Feature films that, in my opinion, also fit that "emoji style behaviour" (* for those I have not fully watched) any why:
Turning Red: the sass, the one liners, body language, camera looking, quick banter, plot resolution with characters explaining their emotions. The whole film fits
Puss in Boots: The last wish: sass, one liners, body language, banter, characters explaining their emotions. Scenes like Puss meeting his past lives and the dog's dialog are strong offenders
The emperor's new groove: sass, one liners, posing, banter
Encanto: sass, posing, banter; the explaining their emotions to drive the plot is ridiculously present to the point where I'd say del Toro was vagueing that one with the family example
Klaus: posing, banter, body language, explaining their emotions
*Nimona: sass, posing, banter, expressions...I only watched the trailer so can't say much but it leans HARD into the rapid fire quip territory with emotional resolution
*Trolls: sass, posing, banter, body language, camera looking...
Regarding films that do not do this, the quick answer would be...watch foreign (=not american) and/or older films.

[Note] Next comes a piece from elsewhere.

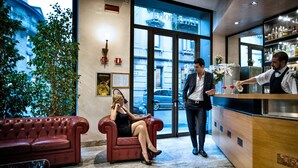 Lobby lounge - Eurohotel (Milan)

Nowadays with internet a massive catalogue is available, although the USA has such a monopoly on animation via its advertising budget other countries don't have that those films can be harder to find especially if you only use english-speaking internet.
As most studio animation is for a young or family audience and my entire example list above is, I will give some recommendations of films that are also for such an audience, but with older and worldwide picks. Some of these films are fully available on YouTube (although not in english always), so I'll be linking that when possible!
Mom is pouring rain (France, 2020s) (trailer): A shorter film about a little girl sent to live with her grandmother while her mom heals from depression. Has emotions front and center but expressed and animated in a way typical of modern french animation, with cartoony designs but subtler, more "boring" acting
The little prince and the eight headed dragon (Japan, 1960s): Beautifully animated in a style distinct from anime, this is a simple folktale adaptation. Fully on YouTube, albeit in its original english dub who's quality is frankly not great.
Next! (UK, 1990s): Stop motion short by an animator who specifically explores subtler, harder to animate expressions, as well as the art of theater, represented here by a Shakespear puppet playing out his works as a one-man show.
Ramayana (India, 1990s): Animated version of the legend of the same name, coupling a Ghibli art style with your ancient legend's large scale battles and polite heroes.
Ne Zha (China, 2010s)(trailer): that trailer is dead serious, it's actually a pretty damn silly movie! Including this one because as a big CGI animated film it's interesting to compare to what Pixar/Dreamworks/etc is doing.
...I'm realizing that I included a whole lot of animated folk tales so for modern chinese animation I'll also name Legend of Hei (2020s)(trailer), an original fantasy film with indie origins and a whole lot of over the top action.
As for films from the US that do NOT match that style? As a country the US has a rich history of animation asides of Disney! I personally grew up on Tex Avery and Looney Tunes cartoons who (pre-90s) are great examples of this.
For more adult films, I'll link my list of mature animation recommendations!
My ask remains opens for any clarifications :) have a nice day!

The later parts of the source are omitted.